NAZOFARENKS KANSERİNDE KEMOTERAPİ VE HEDEFE YÖNELİK AKILLI İLAÇ TEDAVİSİ

-Kemoterapi tedavisi ağızdan veya damar yoluyla enjekte edilerek kanser ilaçlarının vücuda verilmesidir. Kemoterapi ilaçları kan dolaşımı ile tüm vücuda yayıldığı için olumlu ve olumsuz etkileri vücudun genelinde görülür.
Kemoterapi çoğunlukla radyoterapi ile eş zamanlı olarak uygulanır (kemoradyoterapi). Bazı vakalarda eğer tümör çok büyükse önceden kemoterapi uygulanıp tümör geriledikten sonra radyoterapi ile eş zamanlı devam edilir (neoadjuvan kemoterapi).
Eğer kanser uzak organlara yayıldıysa sadece kemoterapi uygulanabilir. (palyatif kemoterapi)
-Hedefe Yönelik Tedavi – Akıllı İlaçlar, kemoterapi ilaçları vücuttaki tüm hücrelere etki ederken akıllı ilaçlar tümörün belli özelliklerinin üzerinden etki eder. O nedenle yan etkileri daha azdır.
En sık kullanılan akıllı ilaç Setuksimab, epidermal büyüme faktör reseptörünü (EGFR) hedefleyen monoklonal bir antikordur. Nazofarinks kanseri olan hücrede bazen büyümeyi hızlandırabilecek kadar çok sayıda EGFR bulunur. Setuksimab EGFR’deki hızlı büyümeyi yavaşlatır veya durdurur. Bu ilaç kemoterapi ve/veya radyoterapi ile birlikte kullanılır.

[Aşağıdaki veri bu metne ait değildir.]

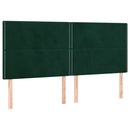 sengegavl med LED-lys 180x5x118/128 cm fløjl mørkegrøn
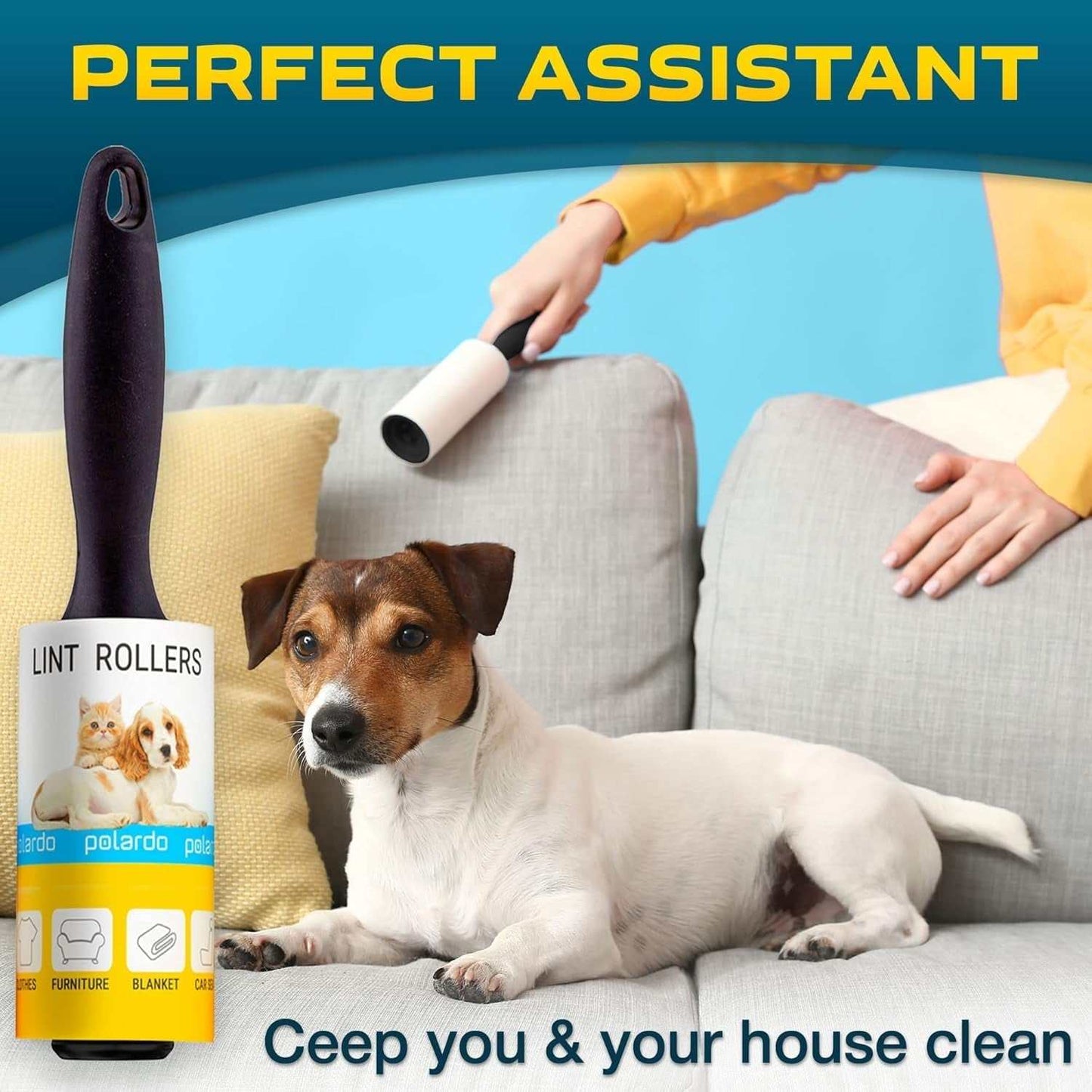 Pet Hair Lint Rollers with extra sticky sheets for removing pet hair from clothes, furniture, and carpets, featuring ergonomic handle and easy-to-tear sheets, portable 5-pack.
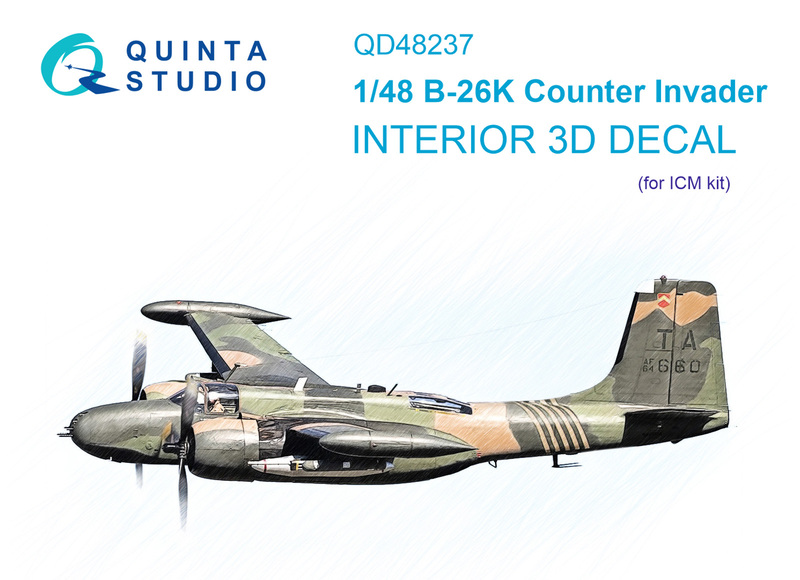 QD48237 Quinta 3D Декаль интерьера кабины B-26K (ICM) 1/48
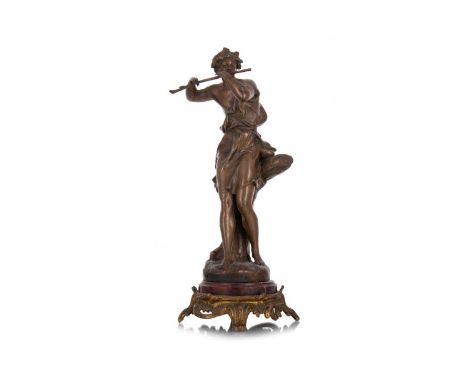 VICTORIAN BRONZED SPELTER FIGURE OF 'IMPOVISATEUR' LATE 19TH CENTURY modelled as a maiden playing a flute, the base mounted w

Nazofarenks Kanserinde İmmünoterapi ağırlıklı olarak metastatik hastalıkta kullanılır. İmmünoterapi ilaçları tümör hücresine direk etki etmez, kanser hücresini ‘’kendi hücresi’’ zanneden immün sisteme ‘’düşman’’ olarak tanıtıp onu yok etmesini sağlar. Etki oranı yüksek, yan etkileri düşüktür.
Pembrolizumab, camrelizumab, toripalimab metastatik nezofarenks kanserinde kullanılabilen immünoterapi ilaçlarıdır.
Nazofarenks Kanserinde Hipertermi Tedavisi, temelinde dokunun 39-44 dereceye kadar ısıtılıp kanser hücrelerinin daha dayanıksız olması nedeni ile daha hızlı ölmesini sağlamaktır. Baş ve boyun kanserleri tedavisi için hipertermi, radyoterapi ile birlikte uygulanabilir. Tümör gerilemesini %20-25 oranında arttırabilir.